Definitely going to swap my 500GB SSD for a 1 or 2TB HDD though as soon as I can. Just can't make up my mind yet whether to go for WD Blue or Black, or even perhaps Seagate Pro. Someone elsewhere in the forums had good things to say about the latter IIRC? Had some Seacrate (as they used to be nicknamed on account of extreme noisiness and reliability issues at one time) Ultrawide SCSI disks once when I still ran SCSI systems and they were actually faster than a WD I had at the same time and almost as fast as the IBM ones I had then. ('Reassuringly expensive' the latter were, too, in those days!)

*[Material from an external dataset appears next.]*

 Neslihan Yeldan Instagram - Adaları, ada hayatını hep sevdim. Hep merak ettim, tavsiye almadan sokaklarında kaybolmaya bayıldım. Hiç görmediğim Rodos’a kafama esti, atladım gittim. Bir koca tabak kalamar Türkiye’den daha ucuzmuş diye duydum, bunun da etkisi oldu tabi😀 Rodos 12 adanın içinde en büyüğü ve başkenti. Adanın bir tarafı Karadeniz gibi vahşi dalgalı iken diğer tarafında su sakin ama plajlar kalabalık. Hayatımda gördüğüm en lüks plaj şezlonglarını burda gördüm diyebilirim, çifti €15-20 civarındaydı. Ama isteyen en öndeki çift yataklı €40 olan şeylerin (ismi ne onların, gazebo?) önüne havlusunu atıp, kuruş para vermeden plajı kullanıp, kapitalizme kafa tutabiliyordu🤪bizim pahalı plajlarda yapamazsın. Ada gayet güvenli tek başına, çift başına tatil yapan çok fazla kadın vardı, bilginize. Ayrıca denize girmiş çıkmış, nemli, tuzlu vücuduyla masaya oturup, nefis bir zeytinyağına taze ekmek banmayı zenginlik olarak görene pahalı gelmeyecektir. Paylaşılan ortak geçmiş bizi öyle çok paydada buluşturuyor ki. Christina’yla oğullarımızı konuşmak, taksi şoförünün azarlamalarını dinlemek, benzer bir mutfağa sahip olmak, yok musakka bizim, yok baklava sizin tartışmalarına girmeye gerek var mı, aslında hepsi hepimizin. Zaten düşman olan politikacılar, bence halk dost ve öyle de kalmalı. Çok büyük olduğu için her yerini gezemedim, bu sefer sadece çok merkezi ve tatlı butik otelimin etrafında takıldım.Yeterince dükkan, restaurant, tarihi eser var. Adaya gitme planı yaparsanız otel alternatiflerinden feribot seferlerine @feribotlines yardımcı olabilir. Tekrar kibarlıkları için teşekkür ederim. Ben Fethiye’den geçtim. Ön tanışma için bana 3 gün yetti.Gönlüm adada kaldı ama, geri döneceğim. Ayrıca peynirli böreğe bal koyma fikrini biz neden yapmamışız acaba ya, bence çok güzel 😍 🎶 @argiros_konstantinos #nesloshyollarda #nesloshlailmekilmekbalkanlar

The extra speed of the SSD is nice, but the difference doesn't seem big enough to justify the cost of a 1 or 2TB one at around 4-6 times the price that I can get a HDD for (even if I could afford it), and the SSD can then go into the old AMD box.

And anyway even with the SSD now Windows 10 still boots/restarts less quickly than Windows 7 on my old AMD 64 X2 system. But that, and the overall slower performance, I gather may well be down to those darn Spectre etc. fixes. Even so, every Linux distro I've actually dual-booted is there almost instantly, and generally much faster. Settled now on Debian with (currently) LXDE desktop environment. Starts in less than 1/2Gig of RAM!

Reason for the change is I desperately need more drive space internally on the laptop as I intend to install a complete IDE under the Linux system and try and get back into a bit of coding (after all these years!) there.